Com a modéstia da infância humilde em Barreiras (Bahia) e a desenvoltura única que o permitiu contribuir no cenário musical da capital brasileira, o repórter Irlam Rocha Lima celebra as bodas de ouro no jornalismo. Sob o título de Artes em festa — 50 anos de reportagem cultural, uma publicação a ser lançada nesta segunda-feira (23/6), às 19h, no Beirute (109 Sul), marca a data. O livro vem uma década depois de Minha trilha sonora, primeira incursão literária do brasiliense honorário. Com direito a ilustrações de Kleber Sales (outro integrante da equipe do Correio), o livro tem conteúdo sintetizado por Irlam: “Ele reúne artigos que eu escrevi na página de Opinião, durante vários anos, e passaram agora pela edição de Clara Arreguy, que selecionou 50 desses textos considerados por ela como mais representativos da minha trajetória”.

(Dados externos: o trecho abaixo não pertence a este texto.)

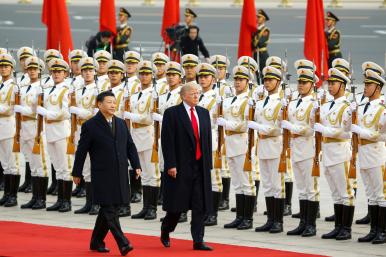 Chinese president Xi walks with U.S. president Trump in Beijing in 2017 - source: Reuters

“Coincidentemente à celebração dos 50 anos de Correio, serei agraciado com troféu, no oitavo Prêmio Profissionais da Música (evento entre os dias 26 e 29 de junho). Não sou só eu”, pontua o colunista, com um quê de acabrunhado. A cantora Alaíde Costa e o vanguardista compositor (in memoriam) Itamar Assumpção, junto com Reco do Bandolim, presidente do Clube do Choro, estão no seleto grupo de honrarias que, no passado, alcançaram personalidades como Roberto Menescal e Fernando Brant. Uma sessão solene na Câmara Legislativa do DF (na manhã do dia 26 de junho) será complementada por etapa musical no Clube do Choro (no mesmo dia, às 19h30, com performance surpresa de convidado).

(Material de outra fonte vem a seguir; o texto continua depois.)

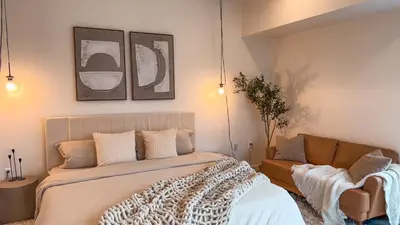 a bedroom with a bed and a couch at Lovely Studio in heart of Hollywood in Los Angeles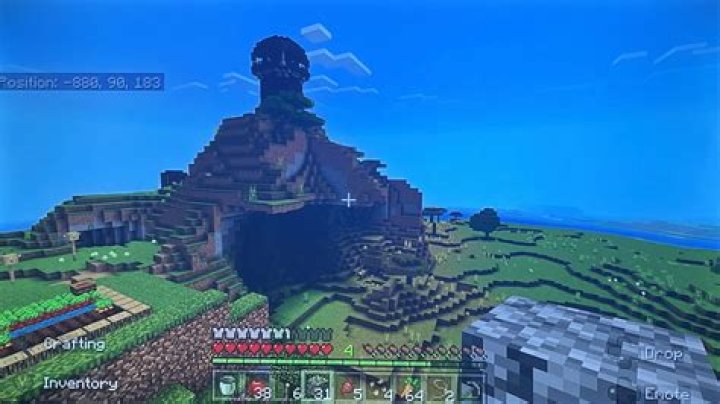 How do you spawn near a village in Minecraft PS4?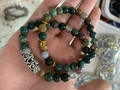 Detail of beaded bracelet featuring green stones with gold Buddha head and silver hollow bead - Gold Buddha Green Jade Stone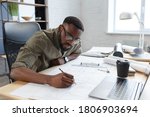 Afro-American architect working in office with blueprints.Engineer inspect architectural plan, sketching a construction project. Portrait of black handsome man sitting at workplace. Business concept.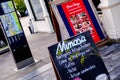 Restaurant Pavement Advertising Boards Attracting Customers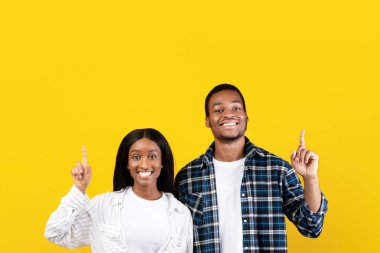 İlginç bir teklif, blog yazarı tavsiyesi ve reklam yeri. Gülümseyen zoomerlar, Afro-Amerikan karı-koca gündelik şov dünyasına başparmak uçlarında, sarı arka planda, stüdyo çekimlerinde, kare şeklinde izole edilmiş,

Numa conversa com o prestigiado Irlam Rocha Lima, que mantém, no Correio, o blog Trilha Sonora e a coluna Sons da Noite, é possível detectar que apuro pela música de Tom Jobim, a quem entrevistou no Alto Leblon, e ainda a empolgante viagem por Liverpool, vestido na pele de fã incondicional dos Beatles. Entre risos, ele confessa que o desafio representado pelos aspectos tecnológicos incorporados ao jornalismo. “Pelo menos, um básico do básico, eu tenho e utilizo. Mas, poderia ter desenvolvido um pouco essa habilidade, mas com o que sei, eu ainda consigo me virar bem”, diverte-se. Singeleza, para quem traz no currículo o desbravamento de muitas frentes de conhecimento. “Certamente, eu fui a primeira pessoa a escrever, no Correio, sobre artistas como Renato Russo, Dinho Ouro Preto, Cássia Eller, Zélia Duncan, Rosa Passos e Hamilton de Holanda”, conta, entre interminável experiência.
Como você chegou ao jornalismo e à equipe de cultura do Correio?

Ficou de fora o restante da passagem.